A conversation with Mary Ann DeMario, college data coach and consultant.

New America: What brought you to the student parent research and policy space? 

Mary Ann DeMario: I was working in the Institutional Research Office at Monroe Community College when I was asked to assist with a grant application. It was for the U.S. Department of Education’s Child Care Access Means Parents in School (CCAMPIS) grant program, which provides funding for on-campus child care centers. The Grants Office director, Child Care Center director, and I brainstormed what we could include in our application to set us apart from other colleges. Monroe has been collecting data on students’ marital status, parental status, and children’s ages since 2003. I offered to analyze some of that data to see what I could find and extracted several years of that data (focusing on students with kids under age six.) I wanted to see if those students’ outcomes differed depending on whether their kids had attended the child care center.  I found that students with young kids who used the center had one-and-a-half times the fall-to-fall persistence rate and more than three times the on-time graduation rate of the students with young kids who did not use the center. This study helped Monroe receive one of a handful of CCAMPIS grants given to New York State colleges that year. I was so pleased that my study helped those families that it didn’t occur to me (or anyone else) that the findings were worth sharing beyond that. 

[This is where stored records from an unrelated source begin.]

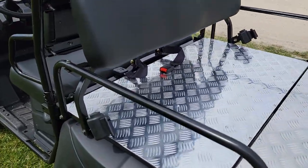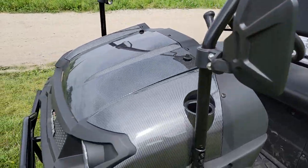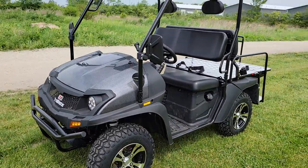If you boys and girls are looking for a cool gas golf cart utility hybrid type vehicle, this one is it. Check it out — you've got a nice carbon fiber finish on it. You can call us today at SaferWholesale.com.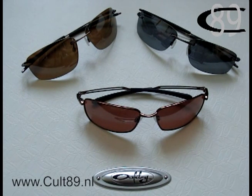Welcome to a new KULT89 Oakley video review. I am sorry that it took that long for me to make a new review, but luckily I am back.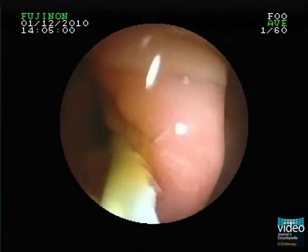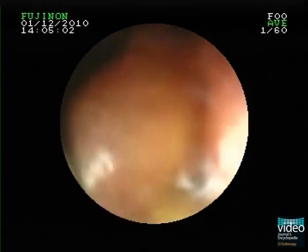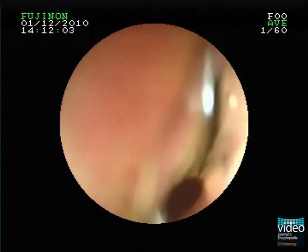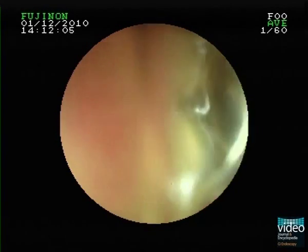Under direct visual and fluoroscopic control, we advance a balloon catheter freehand into a branch of the intrahepatic bile duct. Then the balloon is inflated to anchor it inside the duct.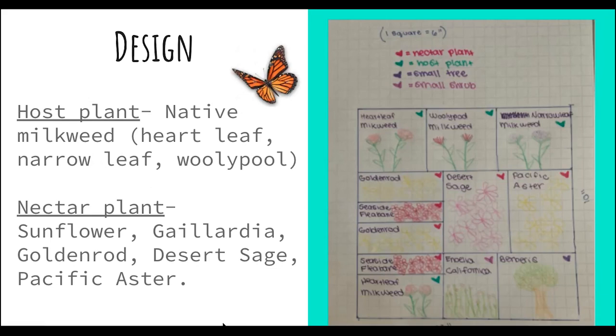The first thing the students did after their research was design their garden. You can see here is a student's garden design on the right, and she laid out what she wanted to have in the garden. Two of the main things you need in a monarch garden are a host plant — which is native milkweed — and nectar plants. There are different types of native milkweed: heartleaf, narrowleaf, and woolly pod.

Monroe Community College Student Parents Who Used On-Campus Child Care vs. Those Who Didn't

Source: DeMario, M.M. (2017). Outcomes of Monroe Community College Student Parents Who Use the Campus Child Care Center vs. Those Who Didn't, Fall 2006 - Fall 2014. Unpublished Overview of Research Findings.

In 2017, by word-of-mouth (and pure serendipity), the Institute for Women’s Policy Research (IWPR) learned of my child care study. They said it was the first of its kind and invited me to collaborate with them on their student parent research. This was the first time I heard the term “student parent.” 

IWPR amplified my study nationwide, which brought it to the attention of the New York State Governor’s Office, the Susan B. Anthony Center at the University of Rochester, the State University of New York, and Ascend at the Aspen Institute. Not long after, Ascend invited me to join its Postsecondary Success for Parents Initiative. Attending those convenings and meeting the incredible people and organizations there lit a fire in me. I dove back into Monroe’s student parent data, analyzing it, writing up the findings, and creating graphics to illustrate the results. I was so energized that I devoted every free moment I had, even my days off, to doing the work. I showed the findings report to an associate VP, who insisted I present it to the college community en masse. Word quickly spread after that first presentation, and soon I was invited to present to several other groups across Monroe, including the President's Cabinet. That’s what inaugurated the student parent movement at Monroe. 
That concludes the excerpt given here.